Records to use START

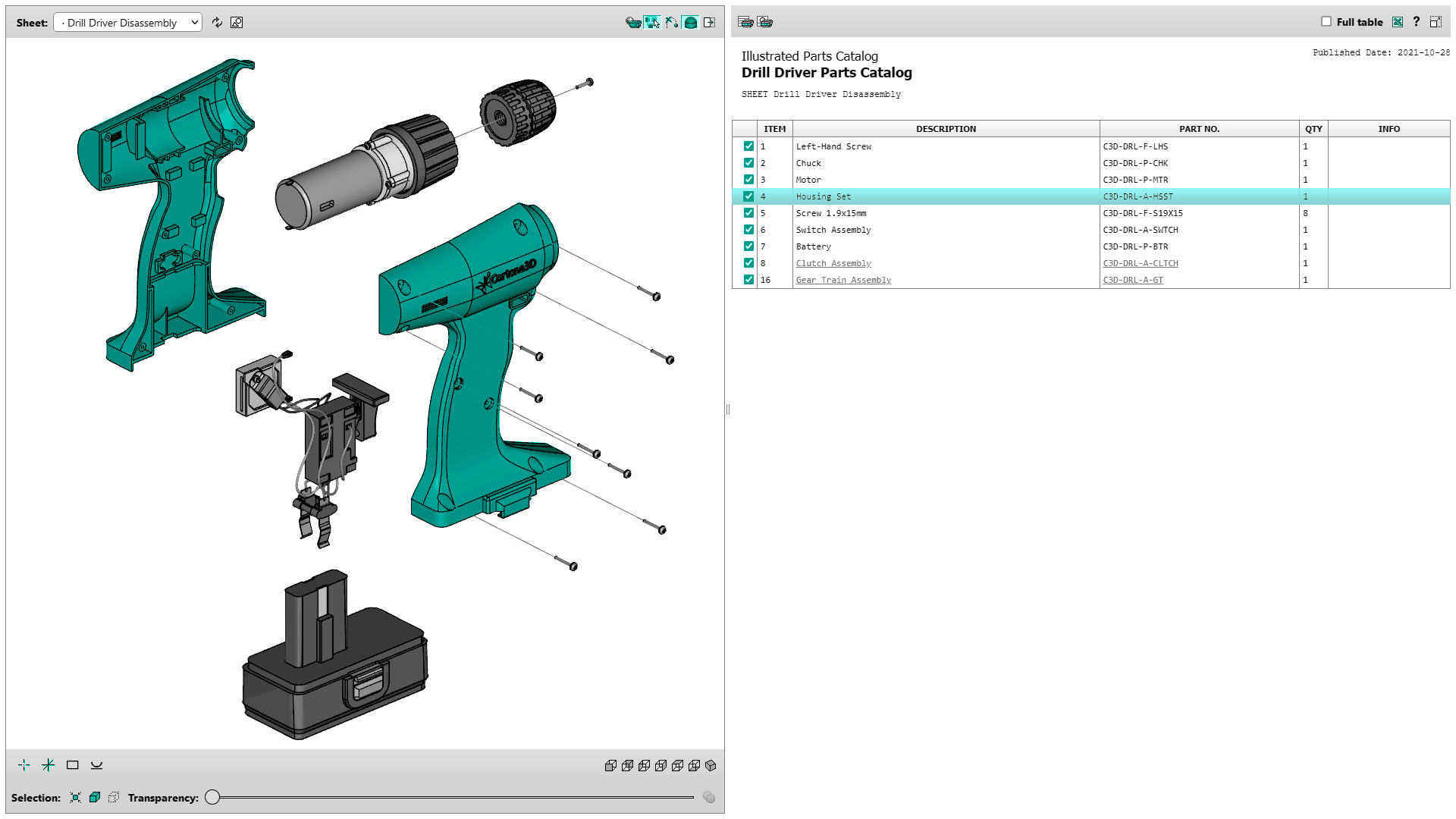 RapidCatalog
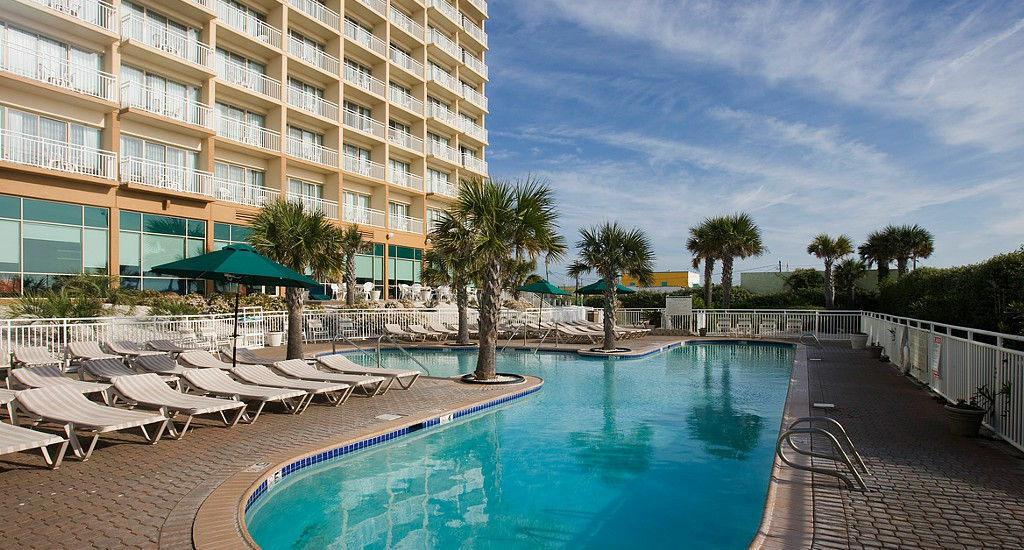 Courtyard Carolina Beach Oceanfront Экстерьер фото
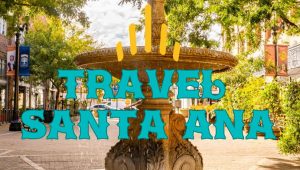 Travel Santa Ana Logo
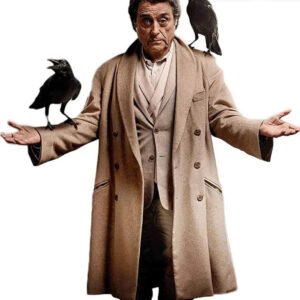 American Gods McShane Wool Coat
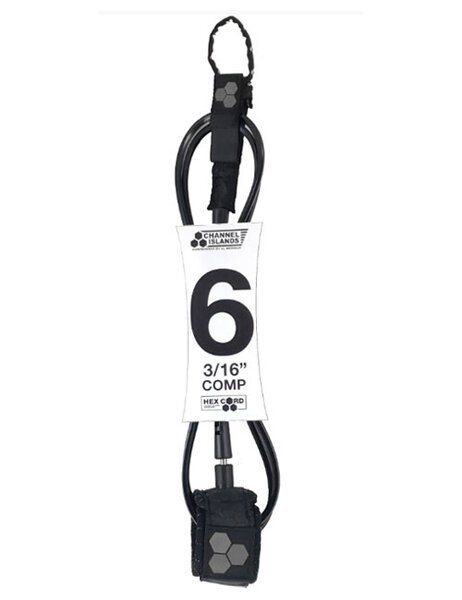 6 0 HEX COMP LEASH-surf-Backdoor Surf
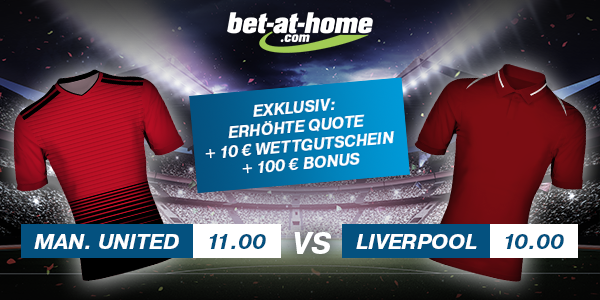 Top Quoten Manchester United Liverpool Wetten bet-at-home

Records to use END

» **Your assignment**
I would like the material above returned exactly as it stands, without its pictures.

» **Task output**
 RapidCatalog
 Courtyard Carolina Beach Oceanfront Экстерьер фото
 Travel Santa Ana Logo
 American Gods McShane Wool Coat
 6 0 HEX COMP LEASH-surf-Backdoor Surf
 Top Quoten Manchester United Liverpool Wetten bet-at-home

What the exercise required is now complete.